Это открывало возможность переброски значительной части лучших перволинейных русских военных частей с западной границы на маньчжурский фронт. Такая переброска, произведенная в момент, когда у Японии начинали истощаться кадры, могла сравнительно быстро решить исход борьбы в пользу России.
Договор в Бьерке был сохранен в полной тайне - сначала даже от русского министра иностранных дел гр. Ламздорфа. Вильгельм II, однако, сообщил о нем канцлеру Бюлову, и тот, считая договор невыгодным для Германии, неожиданно стал грозить своей отставкой (Бюлов возражал против условия о помощи только «в Европе», так как считал, что в случае войны с Англией помощь России должна была выразиться в походе на Индию. Вильгельм II со свойственной ему импульсивностью ответил канцлеру, что застрелится, если тот его оставит).
В начале июля в Москве собрался четвертый земский съезд. На нем впервые в лице кн. Н. Ф. Касаткина-Ростовского, избранного курским земством, раздался голос правых. Но огромное большинство съезда было настроено еще левее, чем прежде. То, что было известно о «Булыгинском проекте», не удовлетворяло конституционные круги. Июньские вспышки не смутили земцев, а скорее убедили их в необходимости принять более резкий тон. «На реформу рассчитывать нечего, - говорил И. И. Петрункевич.
– Мы можем рассчитывать на себя и на народ. Скажем же это народу. Не надо туманностей… Революция - факт. Мы должны ее отклонить от кровавых форм… Идти с петициями надо не к Царю, а к народу». (Это заявление вызвало демонстративный уход со съезда трех правых делегатов.)
Съезд постановил обратиться с воззванием к народу и решил уполномочить свое бюро «в случае надобности входить в соглашение с другими организациями». Эта краткая формула вызвала больше всего прений и прошла только 76 голосами против 52. Она открывала возможность соглашений между земской организацией и другими, открыто революционными силами, в первую очередь Союзом союзов.

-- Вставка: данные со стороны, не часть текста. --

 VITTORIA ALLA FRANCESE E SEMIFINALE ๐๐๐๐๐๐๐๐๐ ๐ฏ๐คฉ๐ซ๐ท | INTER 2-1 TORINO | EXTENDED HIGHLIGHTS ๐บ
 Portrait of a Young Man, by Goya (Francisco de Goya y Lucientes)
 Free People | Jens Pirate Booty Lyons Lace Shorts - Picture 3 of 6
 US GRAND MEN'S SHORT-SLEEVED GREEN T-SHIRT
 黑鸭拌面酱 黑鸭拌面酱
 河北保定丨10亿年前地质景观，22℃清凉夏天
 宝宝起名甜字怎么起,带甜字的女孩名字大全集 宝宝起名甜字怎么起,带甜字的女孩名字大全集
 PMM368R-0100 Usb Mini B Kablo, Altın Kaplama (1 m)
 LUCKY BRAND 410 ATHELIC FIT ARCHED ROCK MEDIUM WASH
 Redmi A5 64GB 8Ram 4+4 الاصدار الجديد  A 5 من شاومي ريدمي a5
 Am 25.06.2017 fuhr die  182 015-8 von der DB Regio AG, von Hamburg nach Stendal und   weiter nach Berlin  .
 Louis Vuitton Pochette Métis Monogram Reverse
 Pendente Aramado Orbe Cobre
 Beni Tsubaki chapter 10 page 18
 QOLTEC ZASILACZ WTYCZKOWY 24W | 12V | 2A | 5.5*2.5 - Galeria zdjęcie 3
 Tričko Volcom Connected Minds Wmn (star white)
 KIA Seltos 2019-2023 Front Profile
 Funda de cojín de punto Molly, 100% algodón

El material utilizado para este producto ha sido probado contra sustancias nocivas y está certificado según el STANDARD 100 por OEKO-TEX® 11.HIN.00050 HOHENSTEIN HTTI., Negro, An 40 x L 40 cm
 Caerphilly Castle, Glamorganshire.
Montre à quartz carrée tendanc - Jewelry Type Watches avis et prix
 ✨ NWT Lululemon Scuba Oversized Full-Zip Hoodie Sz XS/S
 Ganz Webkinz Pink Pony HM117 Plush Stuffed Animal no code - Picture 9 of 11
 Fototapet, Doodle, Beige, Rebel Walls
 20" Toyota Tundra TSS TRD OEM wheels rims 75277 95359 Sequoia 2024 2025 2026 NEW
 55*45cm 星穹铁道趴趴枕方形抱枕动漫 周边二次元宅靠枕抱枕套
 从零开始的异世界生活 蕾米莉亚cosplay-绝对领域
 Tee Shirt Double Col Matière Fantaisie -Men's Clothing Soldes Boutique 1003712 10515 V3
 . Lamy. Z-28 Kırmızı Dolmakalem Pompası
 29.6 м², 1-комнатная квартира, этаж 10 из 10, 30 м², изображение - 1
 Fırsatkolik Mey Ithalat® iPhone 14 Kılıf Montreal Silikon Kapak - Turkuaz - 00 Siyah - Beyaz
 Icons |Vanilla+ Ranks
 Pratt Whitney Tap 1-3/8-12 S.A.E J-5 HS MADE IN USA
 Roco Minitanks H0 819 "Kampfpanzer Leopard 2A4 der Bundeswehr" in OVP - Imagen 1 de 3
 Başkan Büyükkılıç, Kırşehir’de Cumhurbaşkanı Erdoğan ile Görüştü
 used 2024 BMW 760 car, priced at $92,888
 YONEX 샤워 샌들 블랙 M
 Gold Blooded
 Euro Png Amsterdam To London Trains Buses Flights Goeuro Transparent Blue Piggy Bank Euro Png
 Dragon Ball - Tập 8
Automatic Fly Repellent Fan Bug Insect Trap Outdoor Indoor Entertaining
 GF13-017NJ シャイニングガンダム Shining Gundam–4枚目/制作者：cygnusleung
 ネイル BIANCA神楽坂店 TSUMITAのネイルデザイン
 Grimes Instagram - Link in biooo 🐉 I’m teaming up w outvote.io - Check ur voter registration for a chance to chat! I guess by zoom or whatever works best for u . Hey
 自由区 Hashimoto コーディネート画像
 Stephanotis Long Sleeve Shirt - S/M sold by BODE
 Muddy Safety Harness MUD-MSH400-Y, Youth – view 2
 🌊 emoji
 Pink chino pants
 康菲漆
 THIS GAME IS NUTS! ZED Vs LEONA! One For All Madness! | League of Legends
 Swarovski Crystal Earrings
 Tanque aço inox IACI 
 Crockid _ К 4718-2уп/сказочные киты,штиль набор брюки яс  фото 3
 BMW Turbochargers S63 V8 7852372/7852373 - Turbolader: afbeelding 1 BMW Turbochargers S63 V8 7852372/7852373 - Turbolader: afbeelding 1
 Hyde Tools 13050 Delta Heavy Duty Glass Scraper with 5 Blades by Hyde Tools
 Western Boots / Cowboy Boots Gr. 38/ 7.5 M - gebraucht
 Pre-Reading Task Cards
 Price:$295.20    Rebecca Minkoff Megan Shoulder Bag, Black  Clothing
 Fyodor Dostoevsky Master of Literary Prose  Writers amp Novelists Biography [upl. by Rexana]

Государь был возмущен и встревожен такими решениями, принятыми через какой-нибудь месяц после приема делегации - после так лояльно и искренне звучавшей речи кн. Трубецкого. Он поручил сенатору Постовскому запросить руководителей земских съездов - как понимать такое противоречие между словами и делами ? Запрошенные лица доказывали, что никакого противоречия нет, что обращение к народу - только «новый шаг на прежнем пути»; а фактически руководившая июльским съездом группа «земцев-конституционалистов» прямо постановила: «Посылка депутации 6 июня представляется не актом земских конституционалистов, а актом коалиционного съезда, и результат ее ни в чем не связывает нас».
Таким образом, когда государь захотел снестись с «земскими людьми», которые приходили к нему с хорошими словами, - вдруг оказалось, что обращаться не к кому. Это оставило горький след в его душе и создало в нем убеждение, что на эти крути «положиться нельзя». Между тем, сознательной неискренности тут не было ни с чьей стороны: земские съезды не были организованной силой; они бывали только орудием других, более сплоченных групп, и прежде всего «Союза освобождения».
18 июля в Петергофе начались совещания по поводу проекта Государственной думы. В них участвовало несколько десятков человек - великие князья, министры, наиболее видные члены Гос. совета, несколько сенаторов, а также известный историк проф. В. О. Ключевский. Председательствовал государь. Когда статья была достаточно обсуждена, государь объявлял, утверждает ли он ее или нет; это заменяло голосование.